As cidades passam, portanto, por uma imensa transformação. São implementados projetos de escala urbana que vão desde a provisão de infraestruturas para a circulação de bens e mercadorias (como as linhas férreas) até projetos de limpeza urbana (como áreas nas quais ocorre a demolição de moradias insalubres do proletariado) e de construção de habitações para a burguesia.
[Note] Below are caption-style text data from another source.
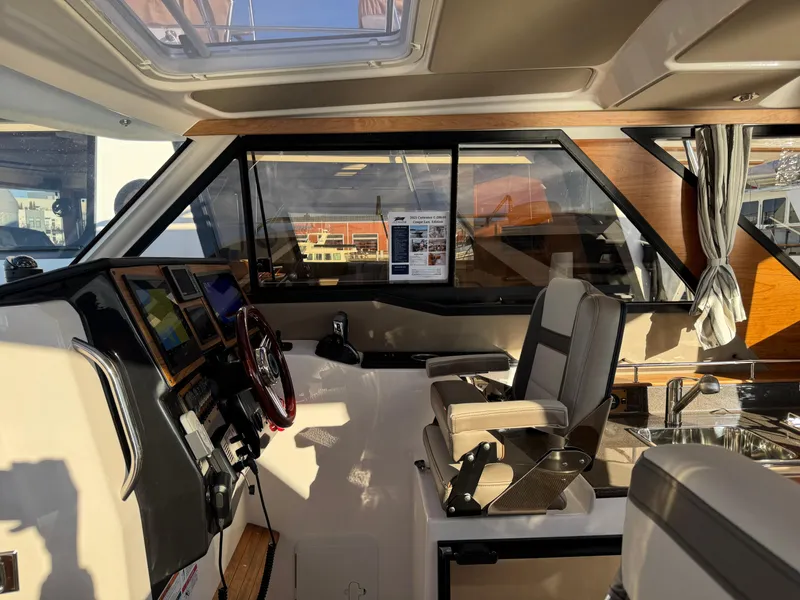 Slide: The Image of Interior of 2025 Cutwater C-288 Coupe boat, featuring modern helm and seating. - 17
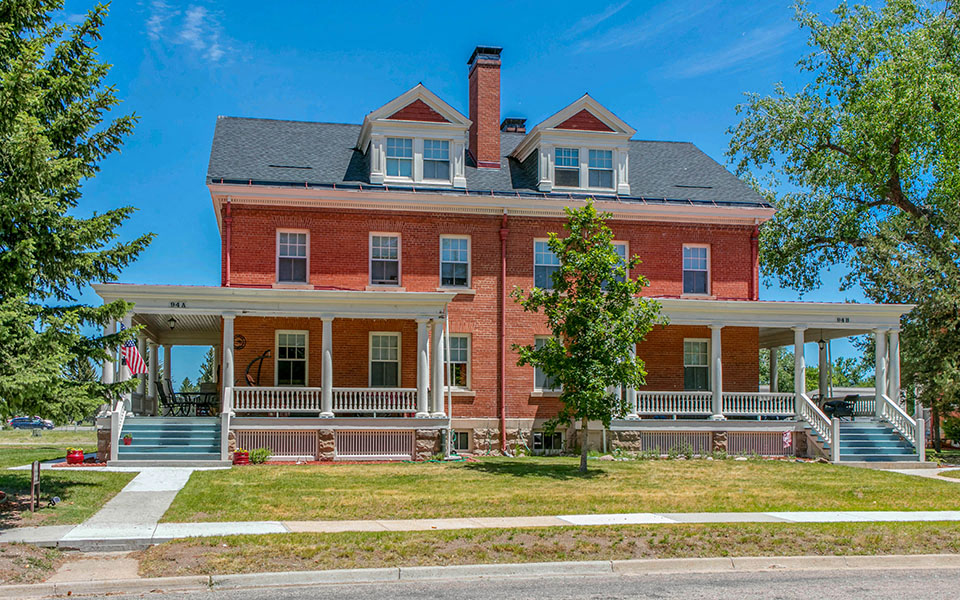 a large brick house with a lawn in front of it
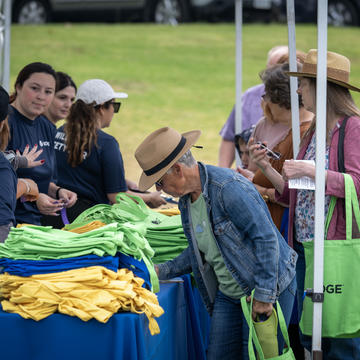 Image of an elderly woman registering at the welcome desk of the SDG&E wildfire safety fair 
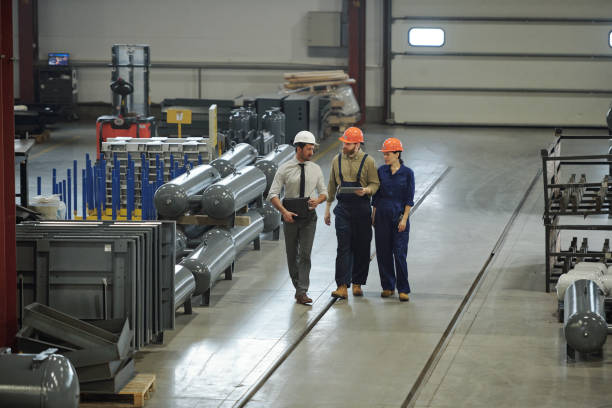 istock Group of contemporary professional technicians in workwear moving along workshop 1207928559
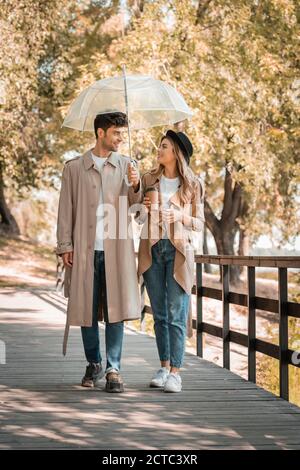 couple in trench coats walking on wooden bridge under umbrella with coffee to go Stock Photo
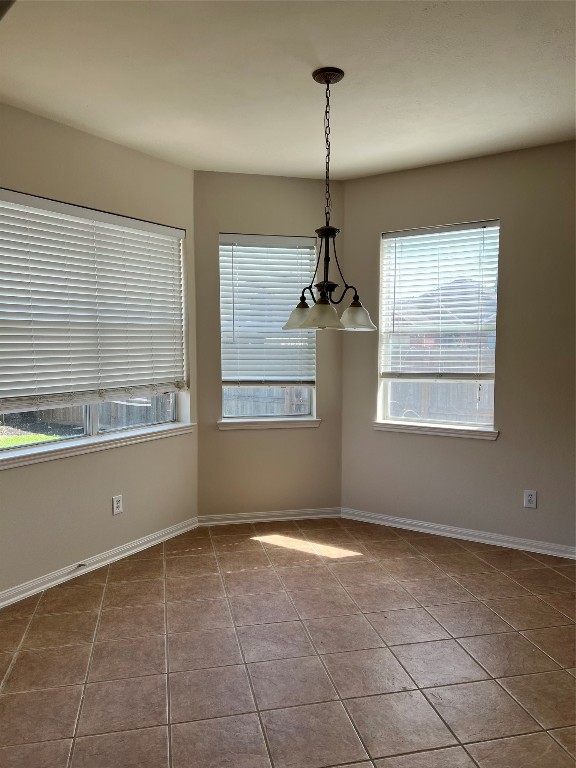 902 Brandy Street Stafford, TX 77477 - Photo 7 of 21 a view of an empty room with a window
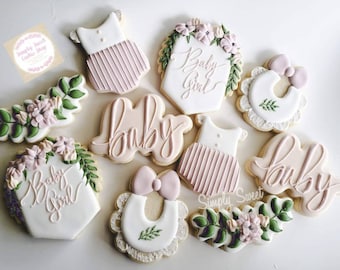 May include: A set of nine decorated sugar cookies with pink and green frosting. The cookies feature various baby-themed designs, including a bib, a onesie, and the words "baby" and "baby girl".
Importante destacar que tanto os projetos de infraestrutura, quanto os projetos de transformação de áreas habitacionais e de embelezamento urbano, são organizados por empresários e industrialistas, com ligações entre eles e com o Estado. Em termos lefebvrianos, o espaço é tomado, pelas classes dominantes, como um instrumento para realizar ações que, sob o pretexto de representar os interesses de todos e higienizar áreas da cidade, de fato, expressam práticas de higienização social, precursores do que Smith (2006 ) viria a definir como gentrificação com a destruição de áreas inteiras de moradias proletárias para realizar obras de infraestrutura, incorporá-las ao mercado imobiliário ou criar áreas de lazer para a burguesia. Portanto, no regime de acumulação a distribuição se dá de maneira desigual. Na definição de Smith (2006 ), os processos de gentrificação não envolvem apenas mudança social, mas uma mudança física que combina a higienização social com a reabilitação das áreas para que utilização por estratos sociais com maior poder de compra que os moradores originários.
Assim, com a consolidação do capitalismo, a terra urbana passa a ser instrumento para o exercício do poder das classes dominantes sob a égide da acumulação e com a marca da higienização social. Harvey (2012) reconhece o papel da urbanização na história de acumulação do capital, mencionando especificamente o uso do capital excedente para construir as cidades, ao constatar que a crise do capital que se expressou na dos anos 1930, foi resolvida, nos Estados Unidos, em meados dos anos 1940, pelo incremento de projetos de suburbanização.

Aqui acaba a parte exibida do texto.